John is a Shanghai-based linguist and entrepreneur, founder of AllSet Learning.

Comments

  1. That’s nice customer service. Just part of The Game, yes? 😛

  2. I immediately thought of the Game entry as well. Haha. I just bought a new hard drive piece by piece at Bainaohui in Beijing, so that I could save a few kuai. Ended up paying about 600 kuai for a 250gb hard drive and a few other treats. I have often complained about how LOUD Chinese external hard drives can be. I am now cursed with one. If only we had a Best Buy in Beijing and I hadn’t played “The Game.”

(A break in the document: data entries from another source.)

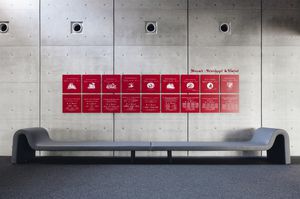 modular upholstered bench / contemporary / steel / for public buildings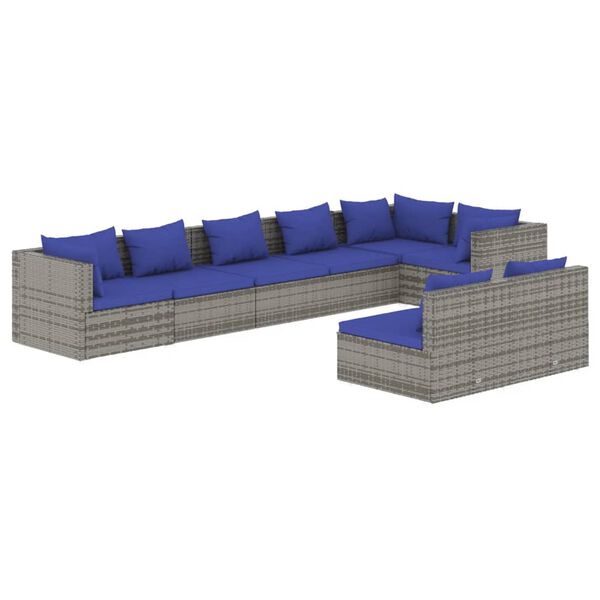 vidaXL 8-tlg. Garten-Lounge-Set mit Kissen Grau Poly Rattan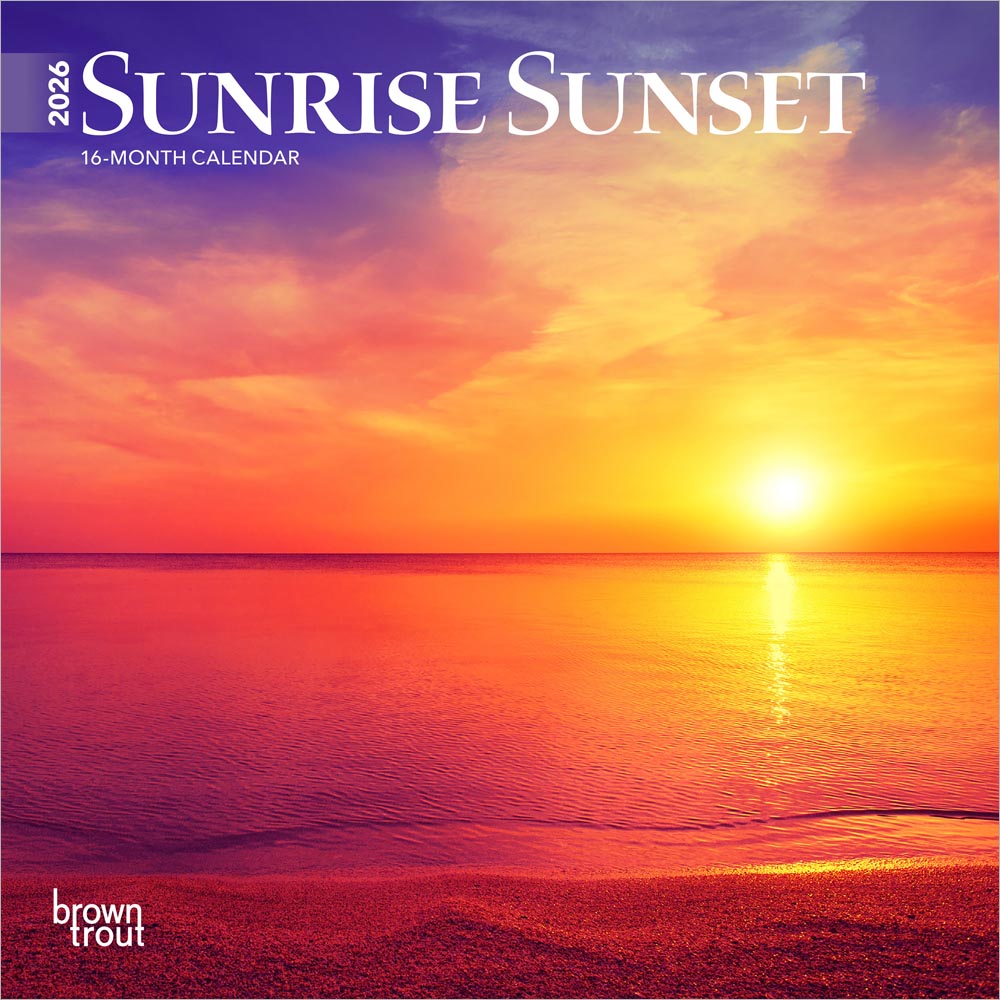Sunrise Sunset | 2026 7 x 14 Inch (Hanging) Monthly Mini Wall Calendar | BrownTrout | Nature Photography Science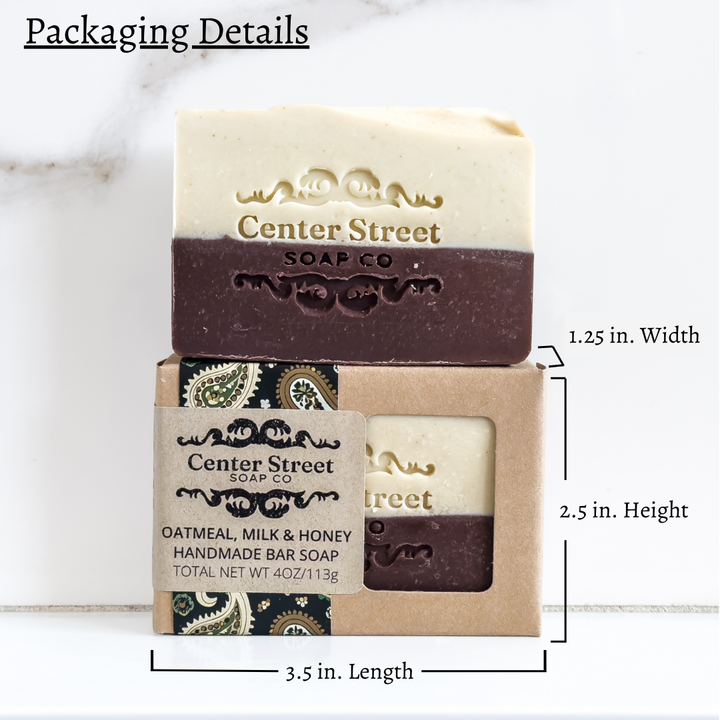 Oatmeal, Milk & Honey Handmade Soap Bar by Center Street Soap Co. Packaging Details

  3. Greg Pasden Says: March 9, 2007 at 4:29 pm

    Are you considering backing up your memory on another type of drive?

  4. John B,

    Heh, fortunately I’m OK with the situation. 320 GB is not as much as I originally imagined.

    Just to be clear, though, although customer service is relevant, the hard drive failure had nothing to do with playing or not playing “the game.” It was a Western Digital hard drive, and I’m confident it wasn’t fake. Sometimes hard drive failures happen.

  5. I bought a Western Digital at Xu Jiahui in 2002 and it failed within two years.

    Really stupid question: Did you try resetting the cables or hooking it up to another computer as a secondary hard drive?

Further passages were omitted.